The Centers for Disease Control and Prevention gives guidelines for how universities should respond to H1N1. Most recently, it has recommended that institutions not cancel classes due to the flu, but that they educate about the virus and have people who report symptoms isolate themselves for seven days. The CDC's web page for higher education institutions was last updated in May. Joe Quimby, senior press officer for the CDC, said he was not aware of more recent information.
The current impact of swine flu on college campuses may be another clue about the H1N1 outlook for the fall, and at the very least it is providing worthwhile practice for pandemic response. Dickinson College, in Pennsylvania, is one location for the Johns Hopkins University Center for Talented Youth -- a summer camp for high schoolers. The 380-student program was suspended last week after 32 students reported swine-flu like symptoms. "We could no longer guarantee the health of the students. It also became very distracting," said Charles Beckman, communications director for the summer program.
"The jury is still out on what's going to happen in the fall. The reality we dealt with in the spring provided good material in the fall," Beckman said, noting that the closing of the camp could provide a sort of "real fire drill" for once students return to campus. Christine Dugan, a spokeswoman for Dickinson, said that the college is not changing its pandemic response plan specifically as a result of the outbreak, but, like any other college, is constantly reevaluating how it would deal with H1N1 during the year. She stressed that Dickinson is following CDC guidelines.
At the University of Michigan, a similar outbreak occurred at its Summer Discovery Program, though the camp was not suspended. About 15 students and one counselor reported symptoms; test results are still pending. According to Winfield, the university is isolating the students for seven days, but is providing treatment to the students, which breaks with CDC guidelines. The CDC recommends that campers, along with with the rest of the population, should allow time to recover on their own, and only receive anti-viral drug treatment if they become seriously ill.
"We broke with the CDC consciously and are providing treatment because the students are from all over the world and expectations of us are high," Winfield said. "The students are from Italy, Turkey, Honduras, and so on, and we decided with these small numbers to treat for flu."

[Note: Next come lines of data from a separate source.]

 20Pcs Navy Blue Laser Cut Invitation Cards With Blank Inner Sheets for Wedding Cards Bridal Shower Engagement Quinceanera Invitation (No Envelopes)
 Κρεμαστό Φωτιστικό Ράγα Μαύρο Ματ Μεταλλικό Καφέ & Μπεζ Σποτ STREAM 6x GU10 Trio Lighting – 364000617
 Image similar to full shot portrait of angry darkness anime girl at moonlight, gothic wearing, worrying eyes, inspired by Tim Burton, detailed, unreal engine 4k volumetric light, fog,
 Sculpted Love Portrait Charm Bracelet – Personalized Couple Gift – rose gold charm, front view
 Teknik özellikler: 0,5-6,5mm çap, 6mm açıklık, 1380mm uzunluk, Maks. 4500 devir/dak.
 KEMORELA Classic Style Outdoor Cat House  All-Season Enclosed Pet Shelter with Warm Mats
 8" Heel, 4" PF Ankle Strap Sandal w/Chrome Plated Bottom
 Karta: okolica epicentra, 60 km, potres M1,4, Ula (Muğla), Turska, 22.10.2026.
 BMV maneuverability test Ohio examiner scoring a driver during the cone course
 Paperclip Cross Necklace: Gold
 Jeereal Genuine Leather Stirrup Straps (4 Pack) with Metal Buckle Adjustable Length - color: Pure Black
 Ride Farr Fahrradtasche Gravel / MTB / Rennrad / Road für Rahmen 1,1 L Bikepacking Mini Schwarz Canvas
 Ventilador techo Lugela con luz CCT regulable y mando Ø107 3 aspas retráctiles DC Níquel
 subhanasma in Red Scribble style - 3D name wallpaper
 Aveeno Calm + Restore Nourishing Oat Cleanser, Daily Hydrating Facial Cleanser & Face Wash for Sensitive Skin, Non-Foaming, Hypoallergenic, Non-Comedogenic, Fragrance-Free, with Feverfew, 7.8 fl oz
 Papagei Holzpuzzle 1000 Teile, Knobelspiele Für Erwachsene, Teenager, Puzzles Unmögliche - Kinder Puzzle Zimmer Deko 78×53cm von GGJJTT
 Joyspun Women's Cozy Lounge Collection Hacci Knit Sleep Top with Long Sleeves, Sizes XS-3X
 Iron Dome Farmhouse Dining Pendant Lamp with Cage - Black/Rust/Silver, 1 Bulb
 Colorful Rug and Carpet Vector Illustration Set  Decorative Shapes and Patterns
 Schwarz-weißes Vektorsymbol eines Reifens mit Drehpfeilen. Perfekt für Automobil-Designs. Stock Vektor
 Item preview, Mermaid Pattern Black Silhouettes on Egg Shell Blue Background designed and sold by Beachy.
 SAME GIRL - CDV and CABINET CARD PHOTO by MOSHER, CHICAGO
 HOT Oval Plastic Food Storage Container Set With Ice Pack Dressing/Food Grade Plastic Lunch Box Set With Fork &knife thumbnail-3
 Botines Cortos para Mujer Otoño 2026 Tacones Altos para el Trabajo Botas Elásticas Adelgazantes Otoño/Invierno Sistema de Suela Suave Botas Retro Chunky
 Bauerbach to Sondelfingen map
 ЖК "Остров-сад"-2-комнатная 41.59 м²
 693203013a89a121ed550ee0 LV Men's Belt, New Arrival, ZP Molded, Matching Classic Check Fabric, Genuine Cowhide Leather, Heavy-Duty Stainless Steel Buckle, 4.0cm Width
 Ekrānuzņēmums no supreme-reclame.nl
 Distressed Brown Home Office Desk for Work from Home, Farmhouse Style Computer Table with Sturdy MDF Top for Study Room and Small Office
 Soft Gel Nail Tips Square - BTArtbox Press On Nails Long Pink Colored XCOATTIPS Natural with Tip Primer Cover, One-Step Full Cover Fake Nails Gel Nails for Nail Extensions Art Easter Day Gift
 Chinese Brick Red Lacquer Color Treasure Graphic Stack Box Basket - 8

By the time official flu season hits, there may be a means of avoiding the spread of H1N1 virus altogether -- through a vaccine. According to an e-mail sent last week to the members of ACHA by its president, James Turner, five manufacturers are beginning to produce a vaccine. "Under the best case scenario," the e-mail states, "225 to 315 million doses of H1N1 vaccine could be available by late October, and another 300 million doses available by the end of 2009." This all depends on whether the vaccine passes safety testing, but college health administrators are already planning ahead.
For now, the waiting game continues.